Georgia and the Carolinas will be most at risk from tropical storms, with near- to slightly below-normal risks along the rest of the U.S. coastline, WSI said in its first hurricane season report of the year.

WSI’s 2010 forecast numbers fall between the 1950-2009 average of 10 named storms, six hurricanes and three intense hurricanes and the 1995-2009 average of 14 named storms, eight hurricanes and four intense hurricanes.

Nine named storms formed during 2009, including three hurricanes, two of them intense. In August the season’s first hurricane, Bill, reached Category Four status for a short time while it was still south of Bermuda (see Daily GPI, Aug. 20). The storm caused rough seas and unusually high tides along much of the East Coast but did not make landfall until it passed over southeastern Newfoundland. In September Fred also became a major hurricane but weakened considerably while still in the eastern Atlantic and was never a serious threat to land. The tail end of the uneventful hurricane season was punctuated by the threat of Hurricane Ida, which in November sent some offshore operators scurrying to evacuate crews and shut in production in the eastern Gulf of Mexico. However, Ida’s impact was short-lived.

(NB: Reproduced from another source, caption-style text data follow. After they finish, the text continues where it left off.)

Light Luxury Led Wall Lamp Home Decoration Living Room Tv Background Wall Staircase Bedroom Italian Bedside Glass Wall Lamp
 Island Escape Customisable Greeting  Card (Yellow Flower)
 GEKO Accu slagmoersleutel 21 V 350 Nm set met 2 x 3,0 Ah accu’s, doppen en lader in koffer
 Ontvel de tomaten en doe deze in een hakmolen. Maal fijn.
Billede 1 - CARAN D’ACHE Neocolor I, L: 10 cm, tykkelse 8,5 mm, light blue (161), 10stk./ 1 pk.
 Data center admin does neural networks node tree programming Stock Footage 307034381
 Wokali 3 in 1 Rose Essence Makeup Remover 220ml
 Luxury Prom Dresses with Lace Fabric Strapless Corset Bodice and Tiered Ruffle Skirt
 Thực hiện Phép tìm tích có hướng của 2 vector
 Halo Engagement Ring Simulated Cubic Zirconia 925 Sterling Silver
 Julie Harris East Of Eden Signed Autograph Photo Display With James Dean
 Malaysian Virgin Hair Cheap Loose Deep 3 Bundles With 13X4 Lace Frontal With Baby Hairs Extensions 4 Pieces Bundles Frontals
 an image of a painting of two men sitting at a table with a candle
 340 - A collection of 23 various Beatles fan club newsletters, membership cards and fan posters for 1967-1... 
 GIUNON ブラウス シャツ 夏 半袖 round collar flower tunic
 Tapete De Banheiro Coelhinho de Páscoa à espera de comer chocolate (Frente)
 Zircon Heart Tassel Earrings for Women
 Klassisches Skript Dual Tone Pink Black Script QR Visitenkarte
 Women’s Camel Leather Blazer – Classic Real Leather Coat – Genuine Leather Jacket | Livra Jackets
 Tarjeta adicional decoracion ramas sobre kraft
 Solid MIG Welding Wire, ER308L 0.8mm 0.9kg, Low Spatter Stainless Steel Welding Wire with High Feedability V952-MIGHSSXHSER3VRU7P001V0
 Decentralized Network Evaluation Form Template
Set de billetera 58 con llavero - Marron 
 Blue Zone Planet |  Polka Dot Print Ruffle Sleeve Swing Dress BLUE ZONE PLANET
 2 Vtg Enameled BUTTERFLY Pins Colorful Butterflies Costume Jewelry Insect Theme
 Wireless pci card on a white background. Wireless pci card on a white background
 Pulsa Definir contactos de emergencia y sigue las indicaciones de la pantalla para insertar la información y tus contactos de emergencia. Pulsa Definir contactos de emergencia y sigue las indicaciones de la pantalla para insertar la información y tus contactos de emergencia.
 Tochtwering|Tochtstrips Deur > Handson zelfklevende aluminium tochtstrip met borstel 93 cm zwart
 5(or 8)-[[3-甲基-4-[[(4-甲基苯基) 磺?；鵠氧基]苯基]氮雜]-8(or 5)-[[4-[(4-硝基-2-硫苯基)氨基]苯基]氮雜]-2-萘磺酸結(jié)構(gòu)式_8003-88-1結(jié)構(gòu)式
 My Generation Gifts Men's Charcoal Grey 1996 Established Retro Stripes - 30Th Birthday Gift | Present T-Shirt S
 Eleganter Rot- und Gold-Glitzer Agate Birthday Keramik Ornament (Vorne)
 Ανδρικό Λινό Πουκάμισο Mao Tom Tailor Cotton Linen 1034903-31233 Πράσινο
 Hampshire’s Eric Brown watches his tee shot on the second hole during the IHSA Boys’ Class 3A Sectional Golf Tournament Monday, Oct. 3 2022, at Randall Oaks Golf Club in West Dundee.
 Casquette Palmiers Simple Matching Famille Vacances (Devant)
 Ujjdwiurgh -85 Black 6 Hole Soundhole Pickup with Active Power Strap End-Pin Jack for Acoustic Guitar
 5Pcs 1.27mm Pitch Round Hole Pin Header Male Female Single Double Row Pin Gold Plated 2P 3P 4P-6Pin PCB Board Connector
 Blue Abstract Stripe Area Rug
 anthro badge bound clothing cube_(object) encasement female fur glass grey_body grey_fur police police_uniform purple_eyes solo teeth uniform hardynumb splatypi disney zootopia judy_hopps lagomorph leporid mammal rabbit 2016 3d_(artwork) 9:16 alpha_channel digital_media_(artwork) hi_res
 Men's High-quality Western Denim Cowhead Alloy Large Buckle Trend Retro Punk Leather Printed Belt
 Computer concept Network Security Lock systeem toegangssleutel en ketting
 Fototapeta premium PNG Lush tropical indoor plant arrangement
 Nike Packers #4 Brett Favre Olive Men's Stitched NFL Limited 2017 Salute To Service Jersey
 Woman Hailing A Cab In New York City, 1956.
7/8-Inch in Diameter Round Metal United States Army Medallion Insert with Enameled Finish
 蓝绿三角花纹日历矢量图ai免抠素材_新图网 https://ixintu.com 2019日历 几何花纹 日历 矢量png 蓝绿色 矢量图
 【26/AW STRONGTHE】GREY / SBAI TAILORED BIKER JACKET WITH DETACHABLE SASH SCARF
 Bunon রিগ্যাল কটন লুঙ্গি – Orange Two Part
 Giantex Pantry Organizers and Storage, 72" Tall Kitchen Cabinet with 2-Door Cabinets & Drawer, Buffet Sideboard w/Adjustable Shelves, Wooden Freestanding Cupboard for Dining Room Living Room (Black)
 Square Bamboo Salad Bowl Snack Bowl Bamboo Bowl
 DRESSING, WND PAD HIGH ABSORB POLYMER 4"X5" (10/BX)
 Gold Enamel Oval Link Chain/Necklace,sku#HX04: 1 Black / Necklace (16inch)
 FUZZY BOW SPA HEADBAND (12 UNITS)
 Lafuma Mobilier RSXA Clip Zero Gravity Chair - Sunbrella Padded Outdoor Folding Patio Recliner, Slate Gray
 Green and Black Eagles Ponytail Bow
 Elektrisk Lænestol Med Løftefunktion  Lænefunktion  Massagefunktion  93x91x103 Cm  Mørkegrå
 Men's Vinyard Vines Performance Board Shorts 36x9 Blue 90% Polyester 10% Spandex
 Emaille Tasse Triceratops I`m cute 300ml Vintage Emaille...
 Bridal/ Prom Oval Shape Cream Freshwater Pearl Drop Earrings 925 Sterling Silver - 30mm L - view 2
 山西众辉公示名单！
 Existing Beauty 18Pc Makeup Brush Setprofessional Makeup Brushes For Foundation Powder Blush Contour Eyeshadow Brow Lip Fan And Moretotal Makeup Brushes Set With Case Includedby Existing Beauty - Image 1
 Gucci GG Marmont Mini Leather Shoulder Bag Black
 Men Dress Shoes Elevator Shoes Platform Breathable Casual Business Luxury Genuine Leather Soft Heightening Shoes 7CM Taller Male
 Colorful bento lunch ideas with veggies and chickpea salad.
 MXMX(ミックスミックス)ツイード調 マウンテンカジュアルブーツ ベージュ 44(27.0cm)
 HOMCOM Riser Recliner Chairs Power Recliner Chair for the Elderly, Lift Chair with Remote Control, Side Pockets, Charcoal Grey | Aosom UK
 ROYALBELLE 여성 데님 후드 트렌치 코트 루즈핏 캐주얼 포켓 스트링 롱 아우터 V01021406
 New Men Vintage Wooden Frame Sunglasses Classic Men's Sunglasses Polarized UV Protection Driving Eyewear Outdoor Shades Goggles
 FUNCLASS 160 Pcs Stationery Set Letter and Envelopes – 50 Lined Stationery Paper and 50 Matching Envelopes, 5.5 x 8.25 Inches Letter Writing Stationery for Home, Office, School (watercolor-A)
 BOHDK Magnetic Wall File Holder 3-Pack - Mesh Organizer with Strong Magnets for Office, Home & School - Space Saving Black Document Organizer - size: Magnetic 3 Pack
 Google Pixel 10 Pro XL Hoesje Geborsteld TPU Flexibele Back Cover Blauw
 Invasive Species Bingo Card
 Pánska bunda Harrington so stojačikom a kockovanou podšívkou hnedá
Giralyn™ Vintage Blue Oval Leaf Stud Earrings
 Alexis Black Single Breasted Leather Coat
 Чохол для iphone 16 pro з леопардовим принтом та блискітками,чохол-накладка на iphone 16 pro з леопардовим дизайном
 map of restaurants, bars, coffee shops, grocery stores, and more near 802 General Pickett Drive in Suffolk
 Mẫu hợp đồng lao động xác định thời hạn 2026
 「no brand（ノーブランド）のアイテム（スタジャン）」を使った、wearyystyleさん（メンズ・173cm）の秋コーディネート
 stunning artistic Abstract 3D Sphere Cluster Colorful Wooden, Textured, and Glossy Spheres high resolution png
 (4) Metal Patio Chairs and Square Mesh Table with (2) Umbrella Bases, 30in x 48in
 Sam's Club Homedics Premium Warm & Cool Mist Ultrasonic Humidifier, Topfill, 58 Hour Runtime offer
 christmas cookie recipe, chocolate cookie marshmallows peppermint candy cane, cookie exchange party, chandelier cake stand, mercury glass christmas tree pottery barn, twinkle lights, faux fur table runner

“2009 was the quietest tropical season since 1997, as an emerging El Nino event combined with relatively cool tropical Atlantic waters to suppress widespread development,” said WSI seasonal forecaster Todd Crawford. “The previous five El Nino events have all been followed by significant increases in tropical activity the following summer as the vertical shear weakens and the tropical Atlantic warms up. We expect a similar result this summer, and feel that our current forecast numbers are more likely to be adjusted upwards rather than downwards as we get closer to the season.”

The WSI forecast was generally in line with the predictions of Colorado State University hurricane forecasters, who have said they expect above-average activity and a higher-than-average probability of a major storm making landfall in the United States and the Caribbean (see Daily GPI, Dec. 11, 2009).